The Kauffman Center became the hottest dance hall in Kansas City on Thursday when David Byrne presented decades of his music in grand, get-down fashion.
The audience was barely seated for much of the show, opting to stand up and dance along with the American Utopia Tour. By the second song, the entire sold-out venue delivered a standing ovation. Byrne was already thrilling them at that point, and he hadn’t even begun to tap into all their senses.

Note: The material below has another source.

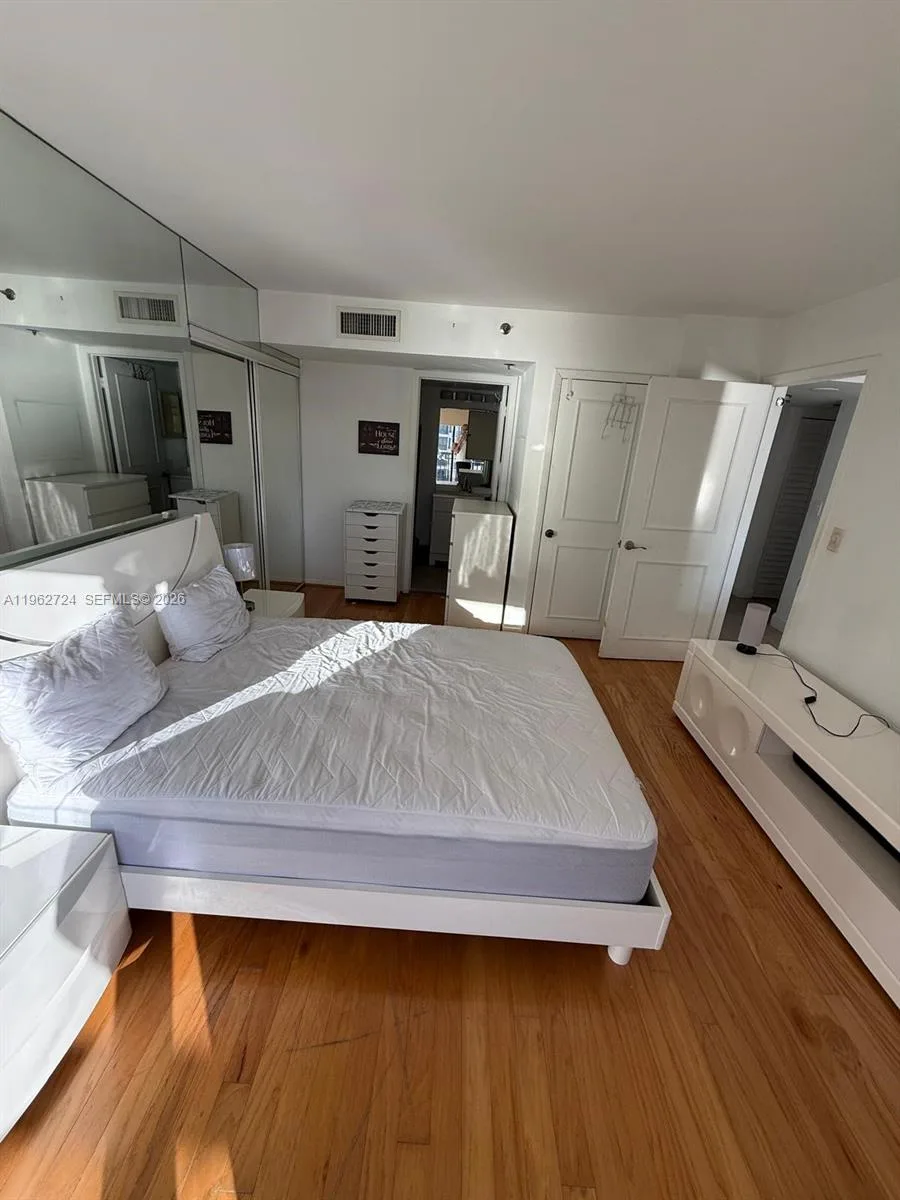 540 Brickell Key Dr # 1505, Miami, FL 33131 photo 10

The show really did encompass just about every sense. Set within a cube of dangling silver chains, the show played with lights to create shadows and silhouettes in a disorienting affair. The space within that cube remained open and playful, as (despite having several musicians onstage) not a single wire or instrument touched the floor. Every drum, guitar, and microphone was strapped onto the players, all clad in matching gray suits… even the synth was suspended in space. The lineup was drum-heavy, adding a marching band vibe complete with intense choreography that complimented the lyrics of many of his recent releases, as well as Talking Heads classics. Just about every unusual percussion instrument you could think of showed up, creating a world unfamiliar to the average music viewer (but not at all unfamiliar to someone like David Byrne).

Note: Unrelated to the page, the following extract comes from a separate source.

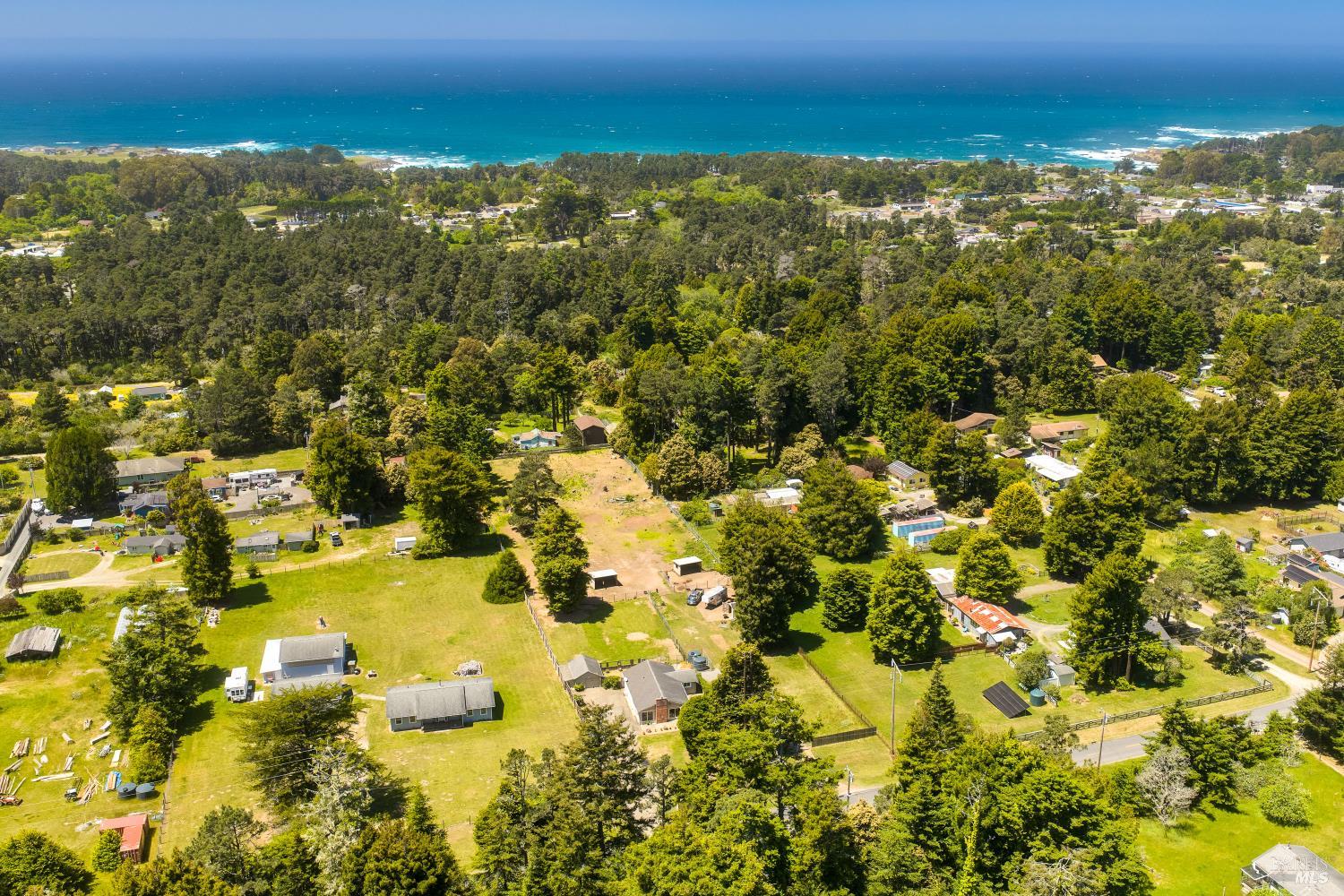 18200 Georges Lane Fort Bragg CA 95437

When the musicians weren’t playing, they were striking poses and beaming at the audience. Their faces were so full of expression as they danced and carried out the formations in front of strobing lights and fog. They even used the lights to cast shadows through their drum heads, which they held in front of their faces and angled towards the spotlights. It was easy to fall in love with the personality of each and every musician onstage over the course of those two hours (though we were already a fan of one of the many drummers onstage, Aaron Johnston, a Kansas native who previously played with Brazilian Girls). This was a David Byrne concert, but it wasn’t the David Byrne show. It was the ensemble of creative, dancing, and striking performers that really made it an engaging experience for anyone connecting with these songs. This was an artistic endeavor just as unworldly and unique as the maestro behind it.
Byrne, along with his posse, boasted two encores for the night, the second being solely dedicated to a cover of Janelle Monáe’s “Hell You Talmbout.” The song allowed the band to shout out the names of the victims of police brutality, followed by a demand, “Say his name!” The night was full of gleeful boogying and singing along (with a rousing “My God! What have I done!” during “Once In A Lifetime”), but the crowd was a little reluctant to chant along to this one. Byrne did not shy away from politics during the show, referencing the former First Lady of the Philippines in “Dancing Together” and bringing along nonprofit HeadCount to register voters on site at the Kauffman Center.
He was joined on this tour stop by Benjamin Clementine, someone we can only describe as a soulful and poetic maniac. He introduced his set by lurking about the stage in the dark, eerily tapping sticks together while a pile of mannequin parts sat in the middle. In front of spacey distortion and a bassist, he banged on the piano and used his powerhouse vocals to belt out beautiful melodies over aggressive moods while charming the audience with his doleful demeanor.